N'avez-vous pas peur de créer une maison d'édition alors qu'on entend partout que le livre est en crise ?


Ce que l'on entend est vrai, en l'occurrence. Ça l'est même tellement qu'on ne voit pas quand cette crise s'achèvera, et que s'il fallait attendre que la situation s'arrange pour faire quelque chose, on serait mort avant d'avoir bougé le petit doigt. Et puis, les crises ont des avantages. Elles débarrassent de pas mal d'illusions, elles empêchent de se ramollir, de s'installer confortablement dans ses habitudes, de croire que les choses sont faciles, que le succès vient naturellement si l'on a du talent (ce que tout le monde croit avoir, évidemment). On ne peut démarrer en ce moment sans savoir qu'on se lance dans une bataille difficile, risquée, sans être donc un peu galvanisé par l'enjeu.
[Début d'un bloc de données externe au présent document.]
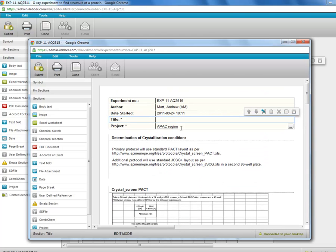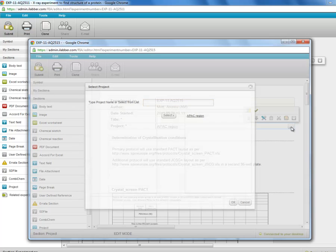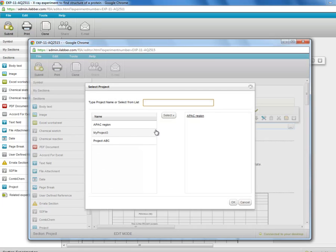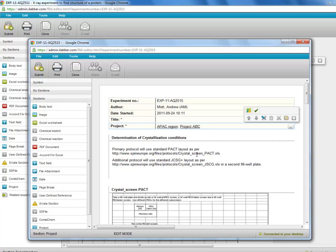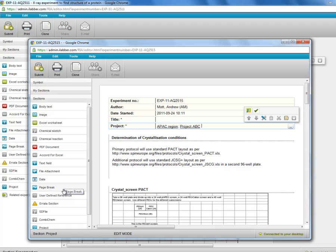Of course we can change the project if we want to. And we can edit the sections, add new sections using the section toolbox or delete sections. So that enables us to reuse an entire experiment.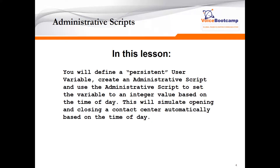In this example, I'm going to go through three examples. The first one is called the persistence user variable, where we're going to use an administrative script to set a value to a variable that will be stored in a database, so that the routing script can constantly check the value of that variable to make a determination as to what to do with the call.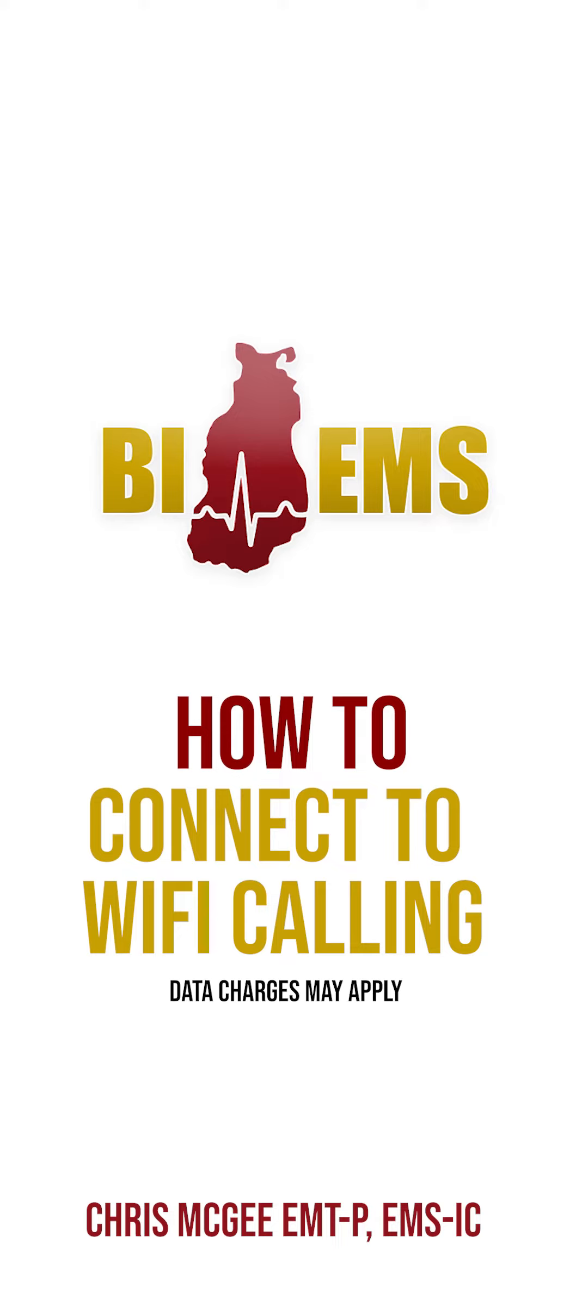When cell services aren't working, you can connect your phone to your wireless internet network at home to send and receive phone calls. One benefit of Wi-Fi calling is that it can be set up in advance and in the event of an emergency could save both time and someone's life.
C'est peut-être une chance. J'ajoute que la crise du livre n'est qu'une dimension d'une crise beaucoup plus générale qui est, au-delà des questions économiques, une crise de civilisation face à laquelle le livre a un rôle capital à jouer. Cette conviction est d'ailleurs au cœur de notre projet. Le goût de la conversation tourne le plus souvent aujourd'hui à une cacophonie où des couches infinies de commentaires recouvrent de plus en plus la réalité, avec ce bizarre résultat que tout le monde finit par dire les mêmes choses. Reprendre les questions que tout le monde se pose sur un autre plan, dans des livres où l'on prend le temps d'approfondir ce qui est dit, et où on a la liberté de créer une forme appropriée à cet approfondissement, c'est se donner la possibilité de retrouver à la fois la réalité et une singularité de la parole. Telle est notre ambition - j'allais dire secrète : eh bien, elle ne l'est plus.

 

Quel type de diffusion allez-vous adopter ?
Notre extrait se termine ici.